Debora Fransolin Pires de Almeida

Debora Fransolin Pires de Almeida

07 67 27 16 16
Brésil - Tissus -

Débora nait en 1997 à Campinas, au Brésil. Le cirque arrive dans sa vie à l’âge de douze ans, quand elle découvre le tissu aérien dans une petite école de danse.

Guidée par sa passion du cirque, elle croise les arts dramatiques à l’université de Campinas avec le groupe de recherche “Circo Em Cena”, dans le but de créer et d’explorer avec des étudiant.e.s en cirque, en théâtre et en danse.

Elle poursuit son parcours à l’école nationale de cirque du Brésil à Rio de Janeiro, qui forme des artistes depuis 25 ans. Sous l’influence des maîtres du cirque traditionnel, pendant deux ans, elle apprend les disciplines de corde lisse, mât chinois, acrobatie et tissus aériens. Elle participe à la première biennale de l’école nationale de cirque du Brésil avec le spectacle Um pintor e uma tela em branco mis en scène par le directeur italien Roberto Magro.
À partir de son échange avec ce metteur en scène, elle commence à percevoir un peu mieux le cirque européen. Intriguée par les deux univers du cirque, elle décide de poursuivre ses études en Europe à l’ENACR de Rosny sous-Bois.

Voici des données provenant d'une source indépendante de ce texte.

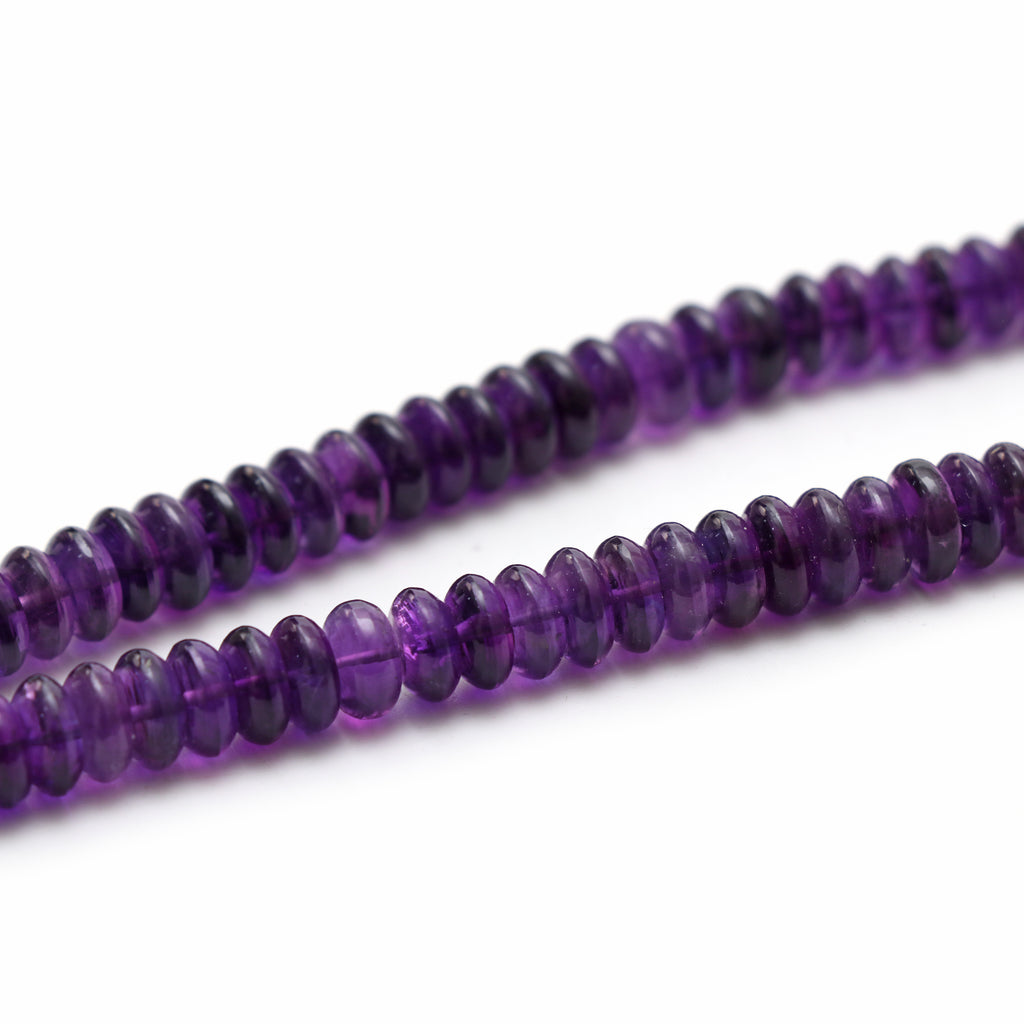 Amethyst Smooth Rondelle Beads, 9 mm, Amethyst Jewelry Handmade Gift For Women, 16 Inches Full Strand, Price Per Strand - National Facets, Gemstone Manufacturer, Natural Gemstones, Gemstone Beads, Gemstone Carvings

En 2018, elle intègre la 33° promotion du Centre national des arts du cirque/CNAC de Châlons-en-Champagne.
Passionnée par la hauteur, elle choisit le tissu aérien comme discipline principale, car c’est grâce à cet agrès qu’elle a appris à aimer et à se mouvoir en l’air. Mais sa passion pour la hauteur ne se limite pas à cet agrès, son travail au mât chinois évolue parallèlement. Elle entame également une recherche sur la manière de transposer ses qualités en tant qu’artiste aérienne vers d’autres espaces que la scène ou la piste, avec ou sans son agrès.

Sa formation lui offre l'opportunité de travailler avec des metteurs en scène tels que Pierre Rigal et Gilles Cailleau, et de lui faire connaître la création circassienne à travers la danse ou le théâtre.

Pendant ses trois ans de formation, elle crée un langage dynamique en contrepoint à la douceur de son tissu. Sa longue relation avec l’agrès lui permet de créer un rapport de personnification de son tissu, en essayant de le faire bouger et parler. Elle développe des conversations avec lui en remettant en question ses réflexions qui la hantent depuis toujours.